Subí las crujientes escaleras con cierta parsimonia, y al llegar estaba esperándome en el rellano de la puerta cubriéndose con un chal de lana burdeos. La vi más diminuta que nunca, su cara repleta de surcos tenía un cierto tono amarillo, me miró con una muy leve sonrisa y unos azules ojos ya sin brillo. La seguí por el oscuro pasillo hasta llegar al gabinete, nunca he sabido por qué llaman gabinete a un cuarto de estar, pero así lo recuerdo desde niño. Se sentó en su sillón de orejas y yo en el otro frente a ella, el que antes siempre había ocupado mi abuelo. Nos separaba la mesa camilla despidiendo el calor de brasero que ocultaba bajo sus faldas, y que tanto se agradecía en los días como aquel.

Me gustaba mirarla, en aquella ocasión más que nunca. La quería atrapar en mi recuerdo para siempre. Ella también me miraba mucho, se sirvió su copita de ginebra en aquel diminuto vaso y después, muy lentamente, colocó de nuevo la voluminosa esfera de cristal en la boca de la licorera. Ella nunca empezaba una tarde conmigo en el gabinete sin servirse su copita y sin dejar de contarme que era muy buena para la digestión. Ésta iba a ser ya una de las muy pocas tardes que íbamos a pasar juntos y los dos lo sabíamos.
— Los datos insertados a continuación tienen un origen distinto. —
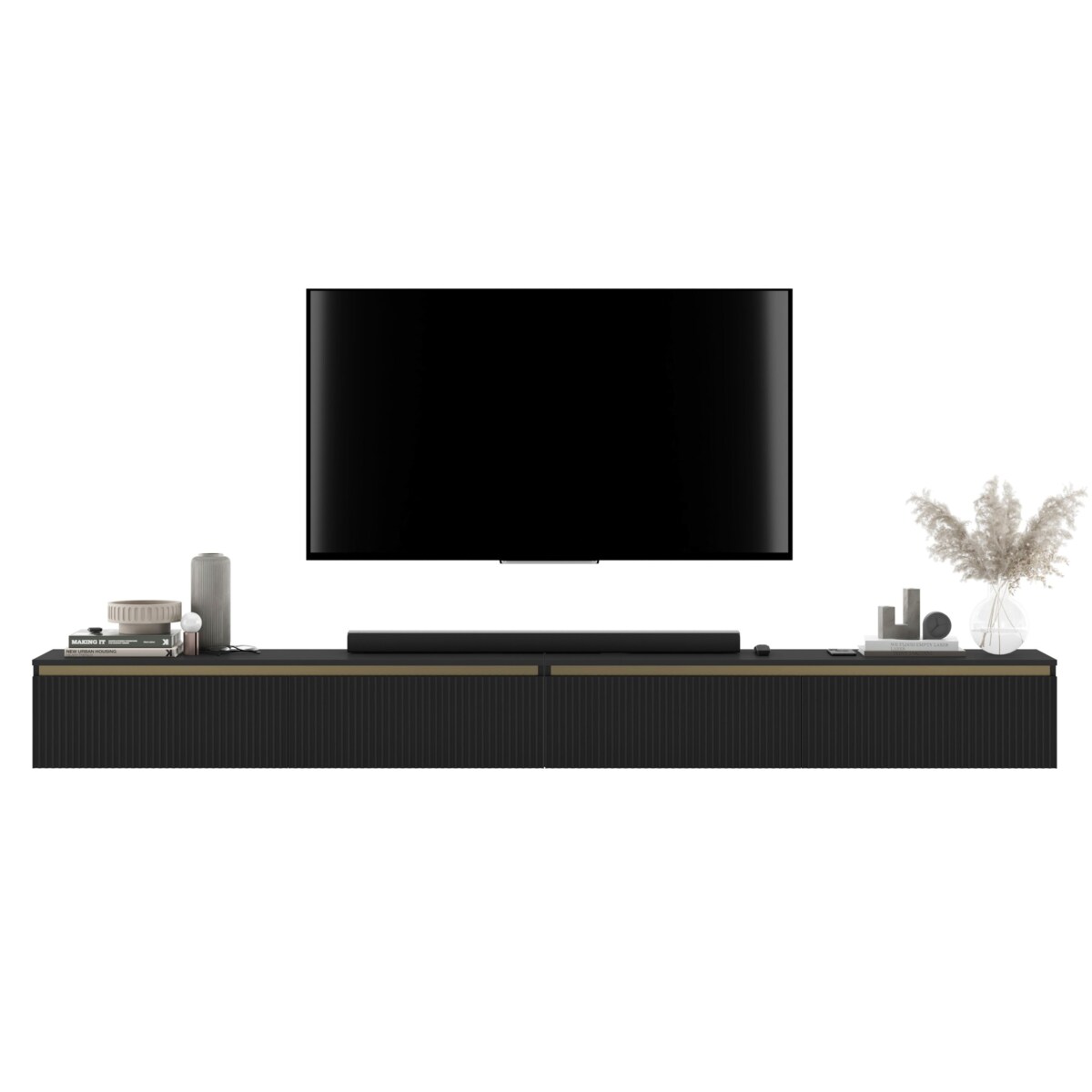 Wisząca Szafka RTV Glamour Komoda RTV Czarny Mat 280 cm ryflowane fronty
Cuando llamé esa mañana le había dicho que quería que me enseñara fotos de ella, fotos antiguas, fotos del abuelo, en definitiva le acabé diciendo que casi no conocía su historia y que quería que me la contara. Sólo nos iluminaba la pequeña lámpara encima de la mesa camilla. Me encantaba estar allí, me encantaba la sensación de calidez de aquella habitación y la que el brasero poco a poco producía en mi cuerpo. Le dio un pequeño sorbo al vasito de ginebra y puso sobre la camilla una vieja caja de cartón con dibujos de flores apenas definidos, borrosos por el paso del tiempo. Permanecía muy quieta con un manojo de fotos amarillentas con los bordes haciendo pequeños picos en su mano. Las dejaba sobre la mesa de una en una mientras salían miles de historias por cada una de ellas. Hablaba de mi madre pero como hija, se emocionaba pero no quería, y antes de que las lágrimas llegaran a sus ojos se apaciguaba con otro sorbo del inacabable vasito de ginebra; hablaba de mi abuelo y de lo felices que fueron, de los años que estuvieron separados y sin embargo juntos; hablaba de sus diez hijos, de los vivos y, con la ayuda de un trago de ginebra, de los muertos. Pasaron las horas casi tan deprisa como sus historias, había oscurecido y fuera llovía a mares.

Antes de coger otro montón de fotos guardaba con mucho cuidado en la caja las que ya habíamos visto, tomaba un traguito más de ginebra y se volvía a colocar por los hombros el chal de lana burdeos con el que para siempre, bajo esa mínima luz del gabinete, y acompañada de ese vasito eterno de ginebra, ha quedado en mi memoria.